In various embodiments, once training is complete (e.g., the number of training iterations are completed), the trained student model 112 (e.g., the student model 122 after training) is provided to the user device 102 to perform various tasks via the application 108. For example, the trained student model 112 performs the object detection task and displays the results in a user interface of the application 108.



FIG. 2 is an environment 200 in which a student model 222 can be trained using contextual semantic noise, in accordance with at least one embodiment. In various embodiments, a knowledge distillation tool or similar computing device (e.g., server computer system executing source code to perform the operations described below) trains the student model 222 using the knowledge distillation techniques illustrated in environment 200. For example, an input 202 is provided to a teacher model 226, a past student model 224, and the student model 222. In an embodiment, the input 202 includes training data such as image, text, annotated data, or other data objects that can be used to train a machine learning model. In one example, the input 202 includes a set of annotated images used to train the teacher model 226. In some embodiments, the input 202 is a subset and/or batch of data objects obtained from a training dataset or other collection of data objects.

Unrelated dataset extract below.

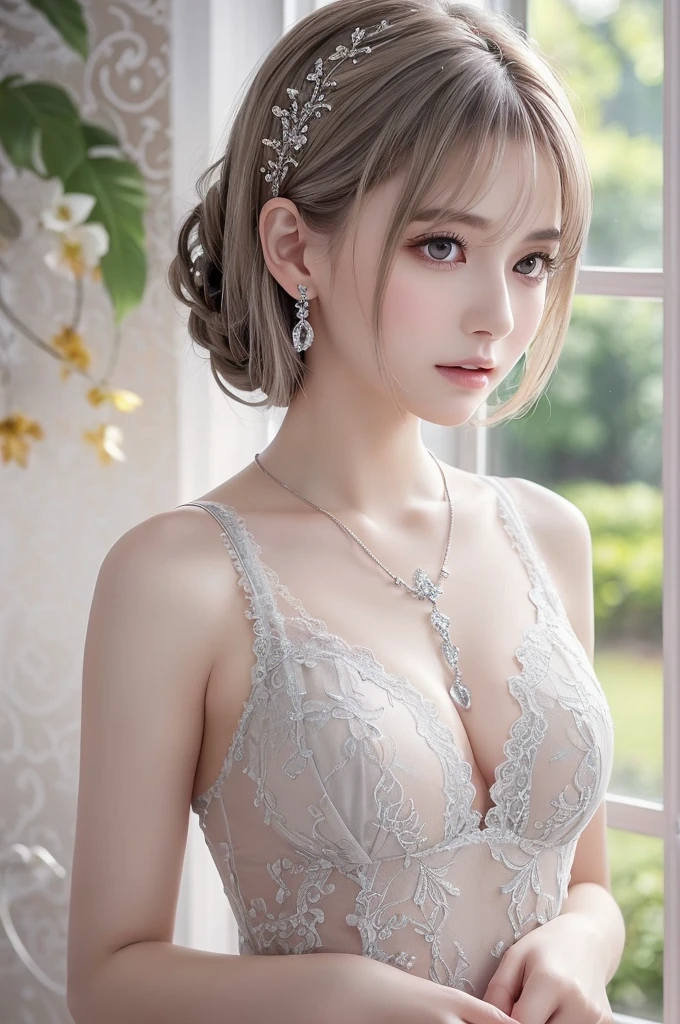silver lace thong&Good, (((Very elegant and beautiful, Perfect detail, Super detailed))), whole body, The most detailed girl, Depth of written boundary, 美しく詳細なwhole body, Thin legs, 1 girl, 30 years old, Very short hair, Spiked Hair, Gray and silver hair, Beautiful detailed hair, Perfect Face, Expressionless, Beautifully detailed deep eyes, Open your mouth a little, Delicate arms and hands, Pale skin, Earrings, Beautiful and gorgeous necklace, Colorful background, HD background, Blurred Background, Very delicate and beautiful, Masterpiece, (((Highest quality, Very beautiful 8K CG wallpaper))), (((Trendy hairstyles))), (Inside the room,Stylish interior,window),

In an embodiment, the teacher model 226, the past student model 224, and the student model 222 generate outputs based on the input 202 (e.g., a teacher output 206, a past student output 216, and the student output 210 respectively). In other embodiments, the outputs (e.g., the teacher output 206, the past student output 216, and/or the student output 210) are generated as needed. For example, the probability 214 (e.g., pth) is used to determine whether training labels 208 are replaced with labels from the past student output 216. In some embodiments, the past student output 216 is generated once the probability 214 indicates the particular training label is to be replaced.


As described above, in various embodiments, a percentage of the labels from the teacher output 206 are replaced with labels generated by the past student model 224 (e.g., replaces with the past student output 216). For example, a number is sampled from the Uniform Distribution, and if the number satisfies a threshold (e.g., pth), a particular label from the teacher output 206 is replaced with a corresponding label (e.g., the label generated based on the same image from the input 202) from the past student output 216 in order to generate the training labels 208. In various embodiments, the past student output 216 includes contextual and/or semantic information associated with the input 202. Furthermore, in some embodiments, the past student model 224 is generated after a warmup interval. For example, the student model 222 is trained using the teacher output 206 (e.g., the training labels 208 include only the teacher output 206) for a first number of training iterations (e.g., twenty iterations) until the student model 222 is trained enough such that the labels generated contain contextual and/or semantic information.


In various embodiments, the training labels 208 are used to train the student model 222 by at least using a loss computation 212 between the student output 210 and the training labels 208. For example, the loss computation includes the training objectives described above in connection with FIG. 1. Furthermore, in various embodiments, the loss computation is used to update the parameters of the student model 222 using backpropagation.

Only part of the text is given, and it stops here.